If not, how did so many punks make such a radical leap?

Trader 'This is Boston, not LA' Woody

T
thejab posted on Fri, Aug 9, 2002 7:05 PM

I think there are several reasons why ex-punks are into tiki. I was a mod a long time ago but I used to go to punk shows in San Diego. Then they would accept you even if you dressed like a mod. People get tired of loud aggressive music all the time so they naturally get into lounge and exotica because it was readily avilable in thrift stores (not so much anymore). A lot of people were into punk for the scene as well as the music so they are attracted to the lounge or tiki scene for the same reasons.

Another possible reason is that as we get older we tend to gain weight. Punks and mods are typically skinny. Those slim fitting 60s suits just don't look good on someone with a beer belly. So the aloha shirt is the perfect thing to wear. Same thing for the swing and rockabilly scenes that so many ex-punks were into. The 40s and 50s clothes look good on larger guys and girls.

The tiki mugs, exploration of old tiki establishments, and drink making usually comes later.

W

Most punk style stuff had a retro aspect to it, and the punk aesthetic often included castoffs from previous eras, particulalrly if they were items considered to be kitschy or in bad taste. Many of the people who first began collecting mid century toys and thermoses and et cetera seem to have come from a punk background. I think there was a logical flow from owning some weird Tiki mugs to wondering what the whole former Polynesian pop scene was about (or owning some yellow cowboy boots and looking into old country music). Which reminds me, there's a scene in "Repo Man" where the group is at a bar and the apparently formerly hardcore band is doing a loungey sort of thing. Was the lounge thing already happening in LA when that movie was made or was it a joke that became a reality? (Of course Sid did his version of "My Way" some years before "Repo Man").

I've never really moved from one style of music to another, I've liked some of the stuff most of my life. My grandmother exposed me to Dean Martin and friends, my mom to Elvis, my dad to Hank Williams and pals, and I on my own liked elevator music...I'm a big fan of Muzac (and immitators) and it's another thing that is passing away as stores, restaurants, and elevator farmers go for the awful oldies mix...Made even more awful by the fact that most people know the words to 90% of the songs and think nothing of pushing a shopping cart around Sears singing along with the Beach Boys.

F

No I wasn't punk. I was your typical overweight goth chick.
So what lead me to Tiki you ask? Shite if I know.

R

Well, I just got back from a mod allnighter here in San Francisco, and I've got to admit that it's still pretty fun--even for this 39 year-old guy and his XX year-old wife.

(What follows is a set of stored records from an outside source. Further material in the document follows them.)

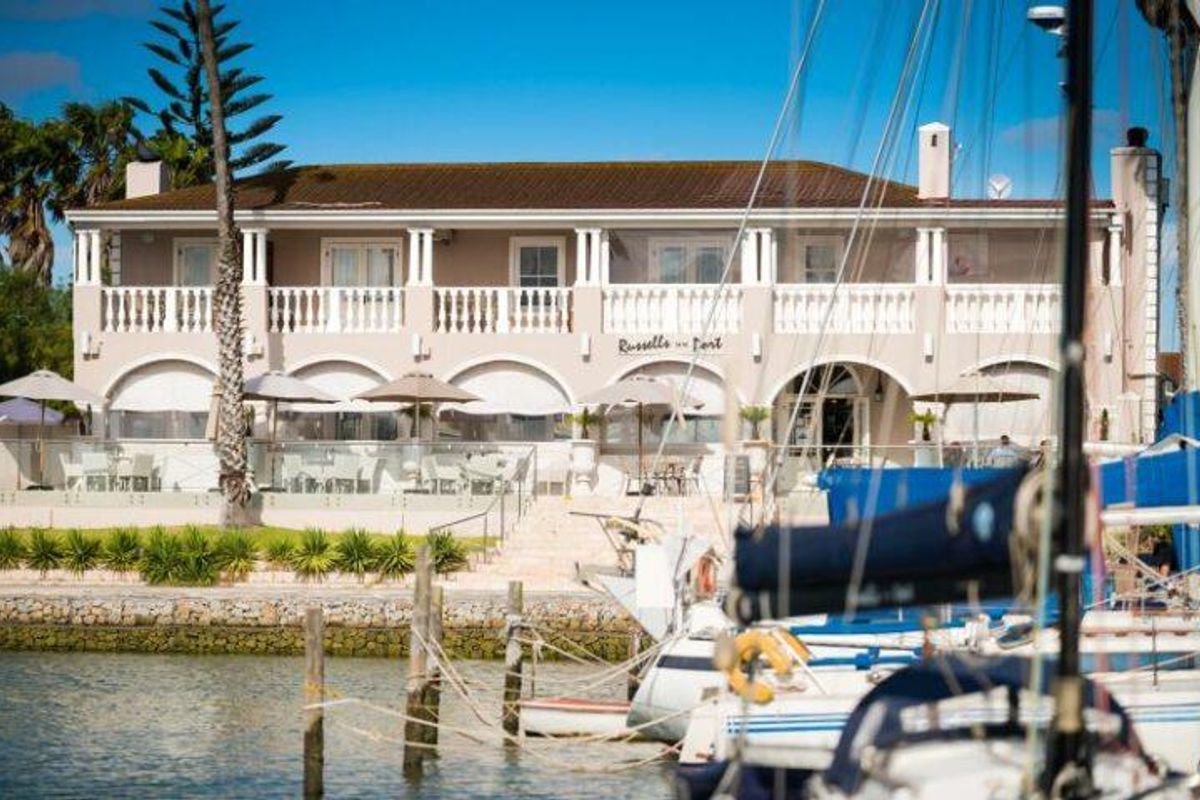 A view of the rear facade of the property featuring a covered patio, upper balcony with balustrades, and direct access to the waterfront.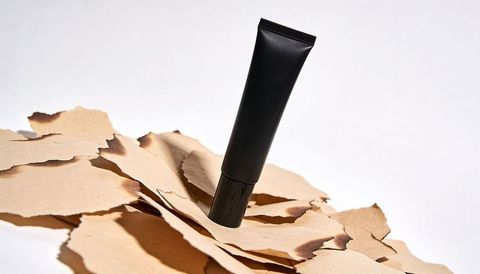 Minimalist matte black squeeze tube standing on torn kraft paper for skincare mockup label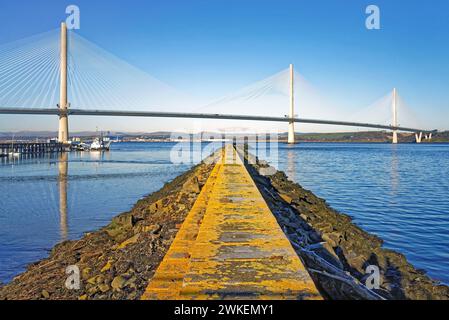 UK, Scotland, South Queensferry, Port Edgar Marina Jetty and Queensferry Crossing over the Firth of Forth. Stock Photo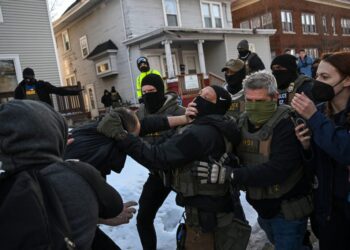 ICE and activists clash over doxing and privacy, in court and streets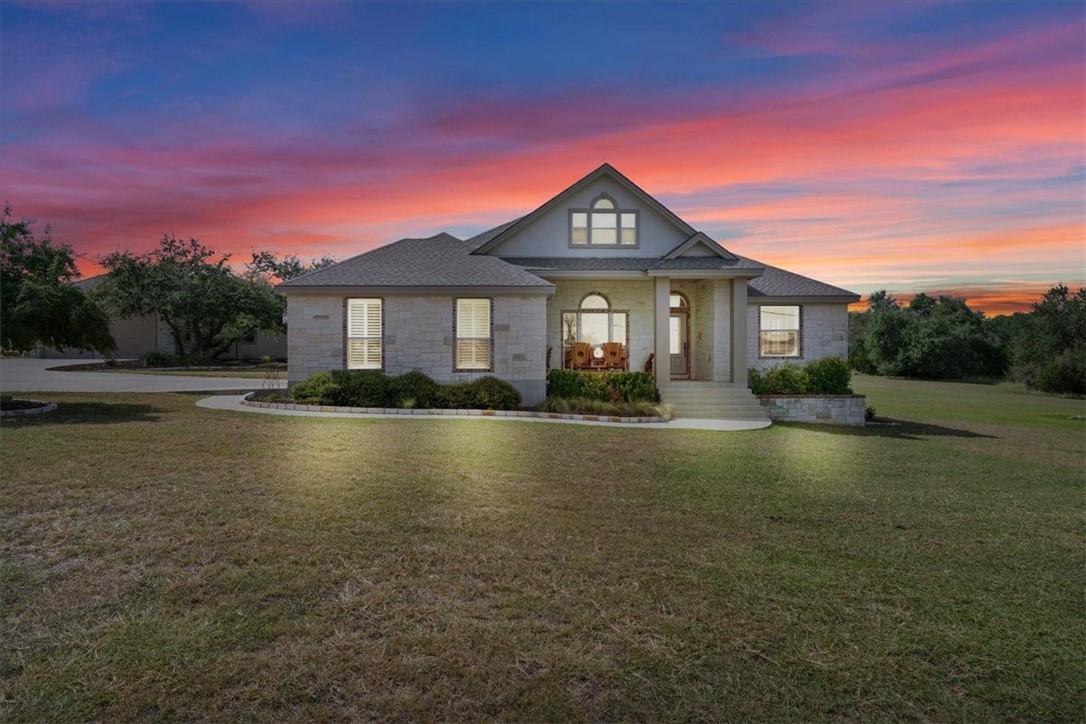 a front view of a house with a yard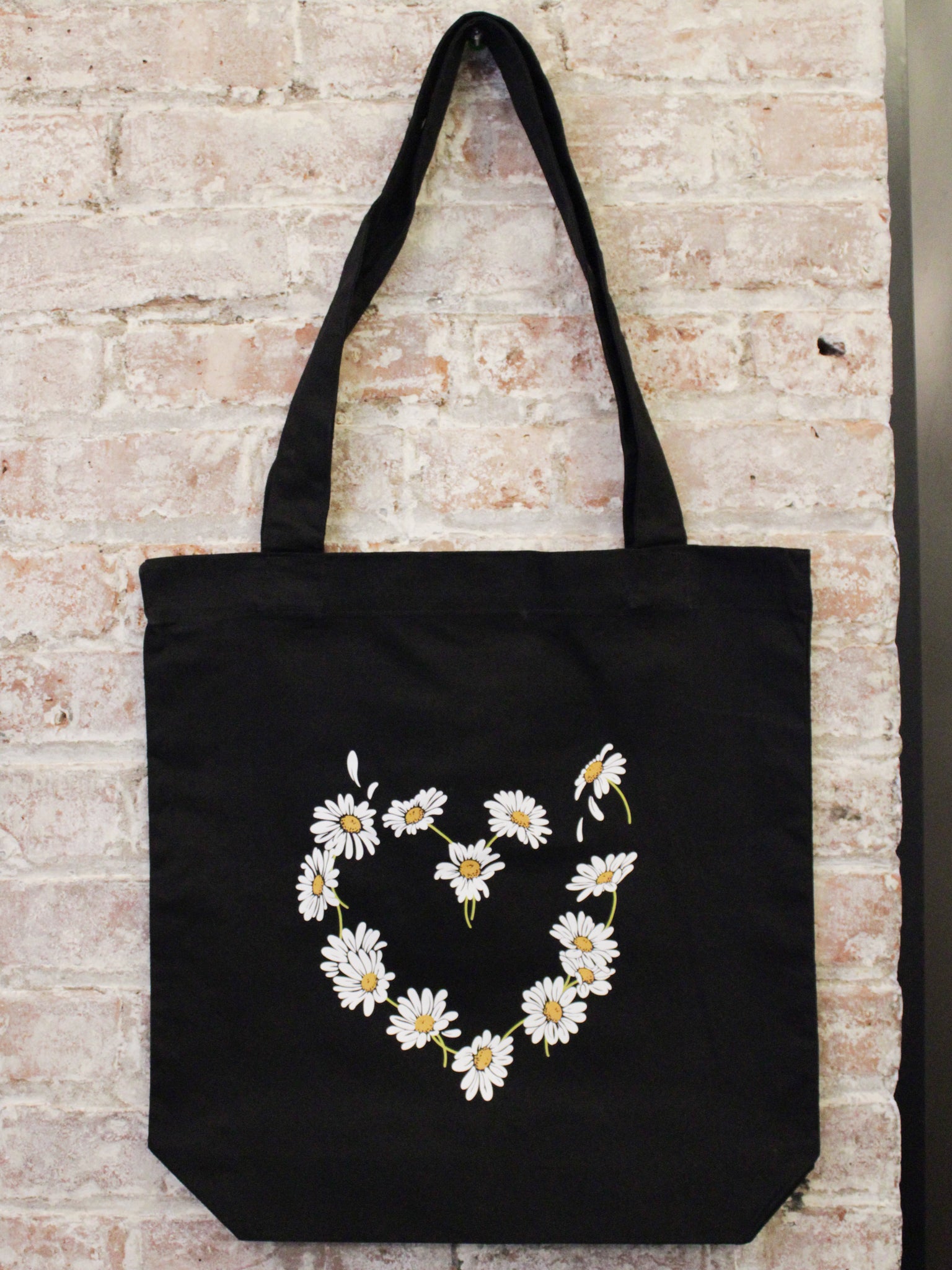 black cotton tote bag with daisy heart shaped graphic photographed against a brick wall.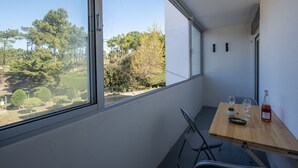 A room with a large window, a wooden table with a bottle and glasses, and a chair. - Becs Beach 500m away - Apartment for 4 (Saint-Hilaire-de-Riez)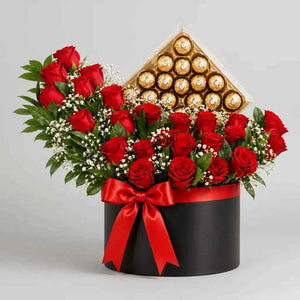ورود حمراء زاهية مع صندوق شوكولاتة فيريرو روشيه flowerna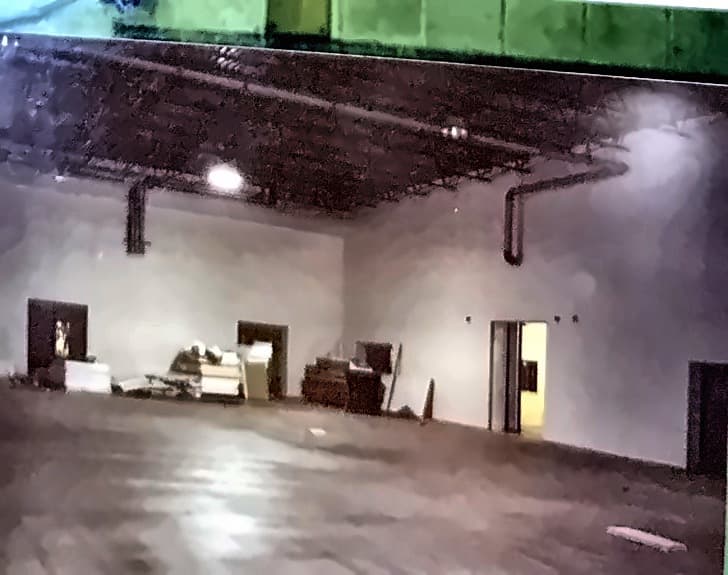 A completed processing room, walls finished, floor sealed, doors hung.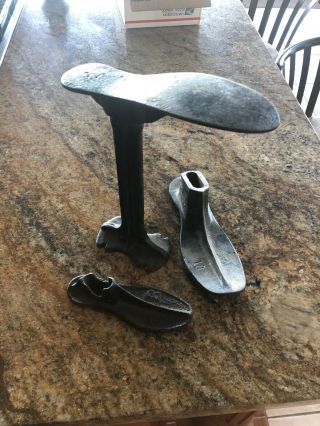 Cast Iron Shoemaker Cobbler Stand With 3 Shoes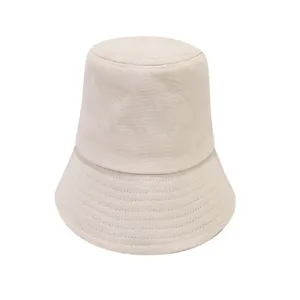 Detailed view of the casual beige cotton bucket hat, featuring neat stitching on the brim.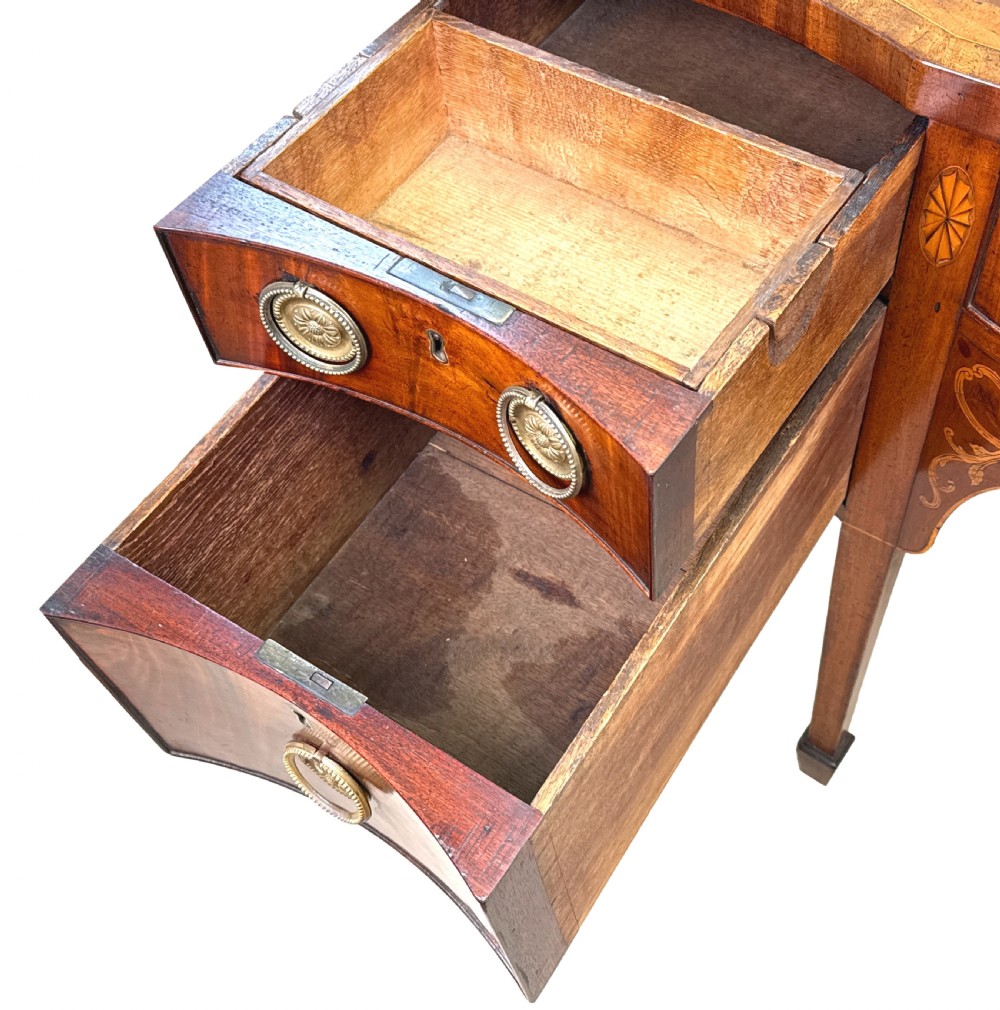 A small Georgian mahogany sideboard featuring a serpentine front, floral marquetry inlay, multiple drawers with brass ring handles, and tapered square legs with spade feet. View V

I was a punk in 81-83 (in Fresno--ugh) and a mod in 83-86, but it was vintage clothes that came before either one. I discovered thrift stores in 1979, when I started to get tired of the numbing conformity of the San Joaquin Valley. Those were the days of $2 sharkskin suits and $5 cashmere crombies.

Perhaps it's the refusal to be lumped into the bland masses that is the commonalty here. Tiki/lounge is just another, interesting inflection of the same impulse.

No, I don't remember Black Velvet Flag, but I do remember the Circle Jerks playing Fresno in 82 or 83, doing their song "When the Shit Hits the Fan"."Shoobie-do wap-wap, say what man?" Punk/Lounge crossover at its most pungent.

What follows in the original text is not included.